The translations below need to be checked and inserted above into the appropriate translation tables. See instructions at Wiktionary:Entry layout § Translations.


crank (third-person singular simple present cranks, present participle cranking, simple past and past participle cranked or (dialectal) crunk)

  1. (transitive) To turn by means of a crank.
    Motorists had to crank their engine by hand.
  2. (intransitive) To turn a crank.
    He's been cranking all day and yet it refuses to crank.
  3. (intransitive, of a crank or similar) To turn.

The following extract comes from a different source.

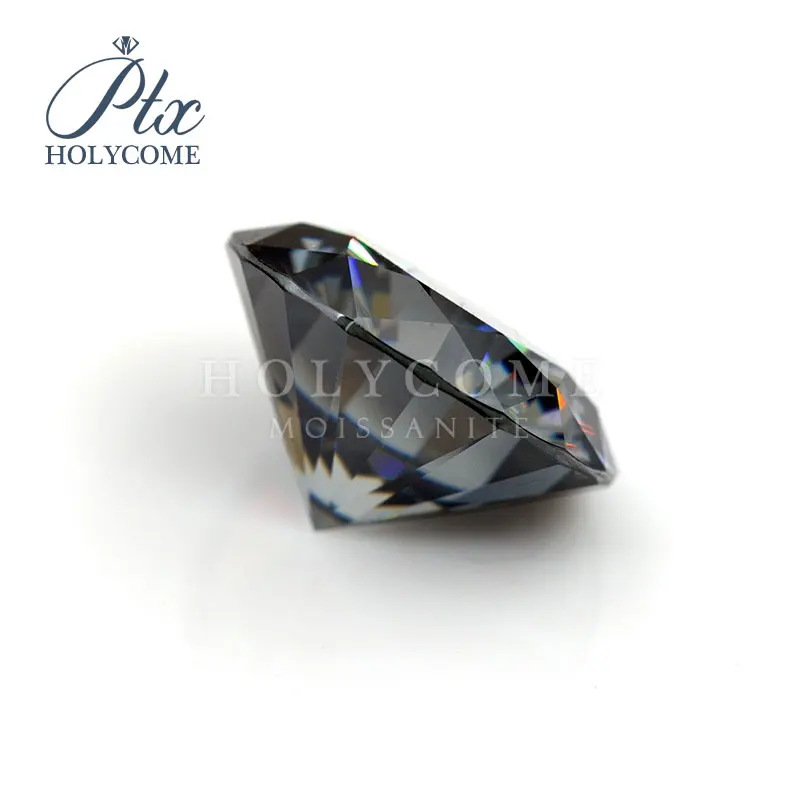 Свободные драгоценные камни отличного качества moissanite 3ct 9 мм темно серый круглый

    He's been cranking all day and yet it refuses to crank.
  4. (transitive) To cause to spin via other means, as though turned by a crank.
    I turn the key and crank the engine; yet it doesn't turn over
    Crank it up!
  5. (intransitive) To act in a cranky manner; to behave unreasonably and irritably, especially through complaining.
    Quit cranking about your spilt milk!
  6. (intransitive) To be running at a high level of output or effort.
    By one hour into the shift, the boys were really cranking.
    • 2009, Carol Baroudi, Jeffrey Hill, Arnold Reinhold, Green IT For Dummies:
      Better computers use variable speed fans so they run at top speed only when the computer is really cranking
    • 2009, Mike Edison, I Have Fun Everywhere I Go: Savage Tales of Pot, Porn, Punk Rock, ...:
      When we were playing at the top of our ability and really cranking, the whole thing could sound like a jet plane taking off in the club.
    • 2011, P. L. Nelson, The Incessant Voice of War: The Black Rose Conspiracies, page 64:
      expected that the NVA and VC were in a position to dish out what they're dishing out, and the rumor mill is really cranking overtime.
  7. (intransitive, dated) To run with a winding course; to double; to crook; to wind and turn.